In 1974 Bob Dylan wrote, recorded, reconsidered, and then re-recorded the best-selling studio album of his career. Blood on the Tracks was composed as Dylan's twelve-year marriage began to unravel, and songs like "Tangled Up in Blue" and "Shelter from the Storm" have become templates for multidimensional, adult songs of love and loss. Yet the story behind the creation of this album has never been fully told; even the credits on the present-day album sleeve are inaccurate. Dylan recorded the album twice-once in New York City and again in Minneapolis, with a rag-tag gang of local musicians, quickly rewriting many of the songs in the process. For A Simple Twist of Fate, the authors have interviewed the musicians and producers, industry insiders, and others, creating an engaging chronicle of how one musician channeled his pain and confusion into great art.

Product Details

ISBN-13: 9780306814136
Publisher: Hachette Books
Publication date: 03/02/2005
Pages: 264
Product dimensions: 5.50(w) x 8.25(h) x (d)

About the Author

Andy Gill is a leading critic for the Independent, and has edited or written for NME, Q, Mojo, Rolling Stone, GQ, and Maxim. He lives in London.

Kevin Odegard was a brakeman on the Chicago and Northwestern Railroad when he was asked to play guitar on Blood on the Tracks. He has written for USA Today, Billboard, and other periodicals. He lives in Wayzata, Minnesota.

Read an Excerpt

A SIMPLE TWIST OF FATE

BOB DYLAN AND THE MAKING OF BLOOD ON THE TRACKS
By ANDY GILL KEVIN ODEGARD

Da Capo Press

Copyright © 2004 Andy Gill and Kevin Odegard
All right reserved.

ISBN: 0-306-81231-2


Chapter One

BOB DYLAN STOOD AT A ROW OF VENDING machines with his five-year-old son Jakob, feeding loose change into the coffeemaker, selecting the brew he would sip for the next three hours in the studio down the hall. At that moment, the studio door opened and Chris Weber, a local guitar-shop owner who had loaned the singer a rare guitar for the session, came out to tell Dylan the band was ready for him. Bob introduced Jakob to Chris, and the three of them strolled back down the hall to the studio.
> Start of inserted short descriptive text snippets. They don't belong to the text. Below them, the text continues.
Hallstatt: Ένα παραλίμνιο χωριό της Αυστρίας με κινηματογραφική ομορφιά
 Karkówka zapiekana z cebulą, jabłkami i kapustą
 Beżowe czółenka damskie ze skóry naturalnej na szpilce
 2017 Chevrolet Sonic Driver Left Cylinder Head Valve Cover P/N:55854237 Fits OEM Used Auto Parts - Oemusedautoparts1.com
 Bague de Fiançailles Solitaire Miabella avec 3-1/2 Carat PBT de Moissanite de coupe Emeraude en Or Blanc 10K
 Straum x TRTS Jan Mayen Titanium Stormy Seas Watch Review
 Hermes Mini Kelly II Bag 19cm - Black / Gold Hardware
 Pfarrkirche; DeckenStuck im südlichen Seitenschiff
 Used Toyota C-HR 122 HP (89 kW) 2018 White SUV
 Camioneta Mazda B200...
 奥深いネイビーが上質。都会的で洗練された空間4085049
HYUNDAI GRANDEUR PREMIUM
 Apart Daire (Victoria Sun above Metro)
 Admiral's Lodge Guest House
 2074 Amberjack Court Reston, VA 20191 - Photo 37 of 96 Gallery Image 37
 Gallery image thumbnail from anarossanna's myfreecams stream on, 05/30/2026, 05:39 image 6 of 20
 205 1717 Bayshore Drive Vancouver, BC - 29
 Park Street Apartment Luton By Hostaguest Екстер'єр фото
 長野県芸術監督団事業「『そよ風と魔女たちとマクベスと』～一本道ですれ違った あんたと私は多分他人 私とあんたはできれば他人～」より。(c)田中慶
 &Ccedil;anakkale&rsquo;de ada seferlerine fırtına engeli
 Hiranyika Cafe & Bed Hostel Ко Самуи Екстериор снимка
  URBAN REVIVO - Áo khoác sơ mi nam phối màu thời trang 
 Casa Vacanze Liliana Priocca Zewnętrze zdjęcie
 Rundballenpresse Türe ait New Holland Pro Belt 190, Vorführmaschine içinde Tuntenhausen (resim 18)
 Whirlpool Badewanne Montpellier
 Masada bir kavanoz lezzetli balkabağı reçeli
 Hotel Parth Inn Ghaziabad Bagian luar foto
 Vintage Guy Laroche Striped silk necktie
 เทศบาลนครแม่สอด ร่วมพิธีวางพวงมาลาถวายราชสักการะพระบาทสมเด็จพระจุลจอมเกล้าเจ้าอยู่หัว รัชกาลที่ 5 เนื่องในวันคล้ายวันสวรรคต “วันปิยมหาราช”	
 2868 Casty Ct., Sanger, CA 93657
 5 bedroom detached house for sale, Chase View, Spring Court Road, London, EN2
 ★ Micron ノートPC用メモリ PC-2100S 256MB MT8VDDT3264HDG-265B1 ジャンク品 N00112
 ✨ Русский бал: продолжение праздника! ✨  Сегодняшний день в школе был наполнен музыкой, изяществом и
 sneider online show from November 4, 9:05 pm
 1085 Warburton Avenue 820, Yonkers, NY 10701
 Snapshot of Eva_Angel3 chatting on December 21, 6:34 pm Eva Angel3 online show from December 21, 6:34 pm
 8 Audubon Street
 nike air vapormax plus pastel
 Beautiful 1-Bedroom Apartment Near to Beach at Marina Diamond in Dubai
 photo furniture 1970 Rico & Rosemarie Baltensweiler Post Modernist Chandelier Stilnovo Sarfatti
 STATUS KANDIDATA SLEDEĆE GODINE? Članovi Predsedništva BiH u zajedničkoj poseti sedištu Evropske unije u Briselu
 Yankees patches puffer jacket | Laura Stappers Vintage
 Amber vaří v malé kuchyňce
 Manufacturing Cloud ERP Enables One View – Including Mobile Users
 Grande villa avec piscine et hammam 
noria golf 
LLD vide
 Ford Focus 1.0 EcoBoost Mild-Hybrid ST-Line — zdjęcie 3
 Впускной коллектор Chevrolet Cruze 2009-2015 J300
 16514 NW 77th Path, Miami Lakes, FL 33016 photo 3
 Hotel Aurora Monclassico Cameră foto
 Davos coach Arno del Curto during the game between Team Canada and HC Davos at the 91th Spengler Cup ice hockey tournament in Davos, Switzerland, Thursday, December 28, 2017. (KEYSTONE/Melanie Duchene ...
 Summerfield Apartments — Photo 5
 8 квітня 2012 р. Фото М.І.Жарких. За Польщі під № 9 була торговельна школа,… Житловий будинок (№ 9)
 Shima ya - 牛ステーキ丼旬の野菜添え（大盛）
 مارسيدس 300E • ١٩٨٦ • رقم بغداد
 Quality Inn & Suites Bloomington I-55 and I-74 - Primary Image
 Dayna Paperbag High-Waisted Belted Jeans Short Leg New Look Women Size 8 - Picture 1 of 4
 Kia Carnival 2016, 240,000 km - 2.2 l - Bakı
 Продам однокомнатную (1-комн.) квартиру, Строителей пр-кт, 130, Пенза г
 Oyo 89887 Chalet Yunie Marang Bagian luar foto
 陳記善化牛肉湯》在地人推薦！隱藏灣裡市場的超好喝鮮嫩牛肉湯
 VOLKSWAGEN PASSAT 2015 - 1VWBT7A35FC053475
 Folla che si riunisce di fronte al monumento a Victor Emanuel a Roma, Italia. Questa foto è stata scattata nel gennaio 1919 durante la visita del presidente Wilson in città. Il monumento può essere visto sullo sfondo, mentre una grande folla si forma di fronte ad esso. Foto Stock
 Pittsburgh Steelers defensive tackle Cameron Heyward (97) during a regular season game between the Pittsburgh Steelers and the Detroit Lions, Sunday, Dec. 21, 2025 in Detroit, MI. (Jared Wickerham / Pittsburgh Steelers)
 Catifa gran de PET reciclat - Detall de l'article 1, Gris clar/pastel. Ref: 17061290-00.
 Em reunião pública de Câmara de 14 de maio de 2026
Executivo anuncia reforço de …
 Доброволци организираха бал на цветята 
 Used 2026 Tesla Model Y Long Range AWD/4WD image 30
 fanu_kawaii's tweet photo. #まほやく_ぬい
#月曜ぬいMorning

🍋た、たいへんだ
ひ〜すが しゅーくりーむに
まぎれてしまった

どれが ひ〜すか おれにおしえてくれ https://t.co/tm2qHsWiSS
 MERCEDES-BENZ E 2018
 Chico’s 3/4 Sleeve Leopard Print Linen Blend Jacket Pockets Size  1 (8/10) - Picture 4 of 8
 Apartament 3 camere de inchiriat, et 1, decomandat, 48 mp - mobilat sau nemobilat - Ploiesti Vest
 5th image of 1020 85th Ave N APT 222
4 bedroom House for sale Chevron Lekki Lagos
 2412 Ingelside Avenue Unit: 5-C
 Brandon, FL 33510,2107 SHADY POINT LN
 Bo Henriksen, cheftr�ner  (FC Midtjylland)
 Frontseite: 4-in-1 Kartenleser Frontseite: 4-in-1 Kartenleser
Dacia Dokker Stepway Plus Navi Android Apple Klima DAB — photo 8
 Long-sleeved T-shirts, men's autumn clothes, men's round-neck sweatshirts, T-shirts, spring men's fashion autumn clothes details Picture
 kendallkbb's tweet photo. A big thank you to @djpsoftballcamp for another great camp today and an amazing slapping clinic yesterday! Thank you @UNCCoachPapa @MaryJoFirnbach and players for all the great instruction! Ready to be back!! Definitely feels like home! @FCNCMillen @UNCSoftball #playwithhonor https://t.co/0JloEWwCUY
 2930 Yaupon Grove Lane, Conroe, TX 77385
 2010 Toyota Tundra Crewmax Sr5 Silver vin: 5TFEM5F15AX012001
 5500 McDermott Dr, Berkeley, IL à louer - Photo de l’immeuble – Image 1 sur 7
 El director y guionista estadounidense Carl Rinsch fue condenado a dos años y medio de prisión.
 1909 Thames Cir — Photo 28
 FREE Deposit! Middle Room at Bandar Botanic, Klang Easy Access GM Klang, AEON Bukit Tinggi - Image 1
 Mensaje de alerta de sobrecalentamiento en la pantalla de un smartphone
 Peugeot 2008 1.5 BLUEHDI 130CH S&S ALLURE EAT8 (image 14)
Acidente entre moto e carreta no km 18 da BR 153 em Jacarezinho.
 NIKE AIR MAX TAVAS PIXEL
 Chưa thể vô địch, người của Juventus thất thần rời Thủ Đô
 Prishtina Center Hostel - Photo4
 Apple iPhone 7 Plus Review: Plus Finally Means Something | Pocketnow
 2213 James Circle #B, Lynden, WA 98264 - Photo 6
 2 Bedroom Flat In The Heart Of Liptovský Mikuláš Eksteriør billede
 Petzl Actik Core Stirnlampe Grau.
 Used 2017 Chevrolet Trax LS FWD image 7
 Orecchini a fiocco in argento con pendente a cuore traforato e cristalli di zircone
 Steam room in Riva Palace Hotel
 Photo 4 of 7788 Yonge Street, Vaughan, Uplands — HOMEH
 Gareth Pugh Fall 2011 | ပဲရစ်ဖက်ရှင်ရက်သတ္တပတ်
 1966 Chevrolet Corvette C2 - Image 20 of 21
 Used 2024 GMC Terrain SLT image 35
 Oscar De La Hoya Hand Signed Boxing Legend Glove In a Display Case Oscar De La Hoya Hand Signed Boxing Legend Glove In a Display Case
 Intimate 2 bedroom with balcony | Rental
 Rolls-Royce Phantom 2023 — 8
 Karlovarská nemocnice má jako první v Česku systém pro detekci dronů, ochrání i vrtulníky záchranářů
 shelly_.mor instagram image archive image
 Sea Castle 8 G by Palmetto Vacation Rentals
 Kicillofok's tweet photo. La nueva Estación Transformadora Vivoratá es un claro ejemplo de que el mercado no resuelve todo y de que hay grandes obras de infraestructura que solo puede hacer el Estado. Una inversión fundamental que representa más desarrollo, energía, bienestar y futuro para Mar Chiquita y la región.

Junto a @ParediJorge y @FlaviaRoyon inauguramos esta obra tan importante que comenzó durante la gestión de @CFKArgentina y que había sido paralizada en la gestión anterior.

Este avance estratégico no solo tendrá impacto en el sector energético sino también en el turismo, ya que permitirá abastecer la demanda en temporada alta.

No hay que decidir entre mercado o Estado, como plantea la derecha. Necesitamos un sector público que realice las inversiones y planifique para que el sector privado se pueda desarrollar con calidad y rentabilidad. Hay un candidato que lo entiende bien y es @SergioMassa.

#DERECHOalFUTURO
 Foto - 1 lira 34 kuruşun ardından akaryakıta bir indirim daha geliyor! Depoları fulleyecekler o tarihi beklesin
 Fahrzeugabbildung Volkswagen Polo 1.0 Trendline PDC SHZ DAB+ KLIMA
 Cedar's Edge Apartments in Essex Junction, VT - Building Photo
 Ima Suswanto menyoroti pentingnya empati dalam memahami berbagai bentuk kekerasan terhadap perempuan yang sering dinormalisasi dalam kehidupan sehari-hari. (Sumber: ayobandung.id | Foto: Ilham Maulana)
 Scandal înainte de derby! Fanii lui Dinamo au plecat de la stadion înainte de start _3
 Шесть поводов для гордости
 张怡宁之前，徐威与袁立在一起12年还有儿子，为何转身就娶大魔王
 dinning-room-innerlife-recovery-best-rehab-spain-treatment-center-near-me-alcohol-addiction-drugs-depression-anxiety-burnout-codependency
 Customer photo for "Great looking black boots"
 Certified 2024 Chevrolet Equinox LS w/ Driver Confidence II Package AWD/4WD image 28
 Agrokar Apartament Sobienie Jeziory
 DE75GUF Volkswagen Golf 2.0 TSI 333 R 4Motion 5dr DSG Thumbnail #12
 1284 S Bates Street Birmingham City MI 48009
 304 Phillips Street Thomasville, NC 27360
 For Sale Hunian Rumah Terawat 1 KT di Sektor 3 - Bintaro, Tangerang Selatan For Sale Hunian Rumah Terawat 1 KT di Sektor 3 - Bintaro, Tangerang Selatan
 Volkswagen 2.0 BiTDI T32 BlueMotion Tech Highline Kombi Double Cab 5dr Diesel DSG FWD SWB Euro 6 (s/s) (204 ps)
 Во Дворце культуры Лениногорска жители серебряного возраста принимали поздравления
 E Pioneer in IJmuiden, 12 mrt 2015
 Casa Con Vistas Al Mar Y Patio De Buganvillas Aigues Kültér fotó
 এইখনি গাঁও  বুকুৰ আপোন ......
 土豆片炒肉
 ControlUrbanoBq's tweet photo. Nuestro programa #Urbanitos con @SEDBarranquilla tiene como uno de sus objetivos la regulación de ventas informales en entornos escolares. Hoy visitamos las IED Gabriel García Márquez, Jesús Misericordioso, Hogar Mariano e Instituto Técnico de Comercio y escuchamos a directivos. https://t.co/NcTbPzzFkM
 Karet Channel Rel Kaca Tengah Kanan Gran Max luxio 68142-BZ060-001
As Dylan settled into his position in the vocal booth, Weber stood in the control room clutching his precious guitar, feeling like a fifth wheel. Maybe, if he was really quiet and unobtrusive, nobody would kick him out of the studio, and he would actually get to see the greatest songwriter of his generation in action, close up. But then Dylan peered through the glass of the booth and gave him a puzzled look, and his heart sank. Well, it was worth a try.

"I was just wondering," he asked, more in hope than expectation, "if I could stay and watch the sessions from the control booth?"

"No, man," replied Dylan. "I need you to play guitar on this."

Astonished, Weber left the control room in a daze and joined the band in the studio, where Dylan was about to change the course of his career by spilling his guts to a troubled world living through uncertain times. Times that were equally uncertain for the singer himself, as at that point everything he knew and loved seemed to be in flux. Rarely seen in public for the previous half decade, the world's most reclusive rock star had that year become its biggest concert attraction. He had changed record labels twice in as many years and scored his first U.S. No. 1 album. And his songwriting had recently been transformed by a course of art lessons that had revitalized his jaded muse.

Less agreeably, his marriage was on the rocks.

This personal turmoil would bring forth Dylan's most compelling batch of material in years, a song-cycle of love lost, love found, love made, and love spurned, which would eventually become the most acclaimed album of his entire career. But not just yet. He didn't like the way these songs had been recorded for his much-heralded return to Columbia Records, and he knew changes needed to be made there, too. So here he was, a few days after Christmas 1974, hunkered down in chilly Minneapolis with a group of unsuspecting unknowns, about to try and get it right, the way he heard it in his head. It was a gamble, but one he knew he had to take.

* * *

After his extraordinary achievements of the '60s, there should have been no doubt about Bob Dylan's position in the rock firmament. After all, he had almost single-handedly dragged pop music through its troubled adolescence to a new maturity. Then in 1966, at the peak of his powers and his popularity, his ferocious, drug-fueled schedule had been brought to an abrupt halt by a motorbike accident near his Woodstock home, resulting in his enforced retreat from public life.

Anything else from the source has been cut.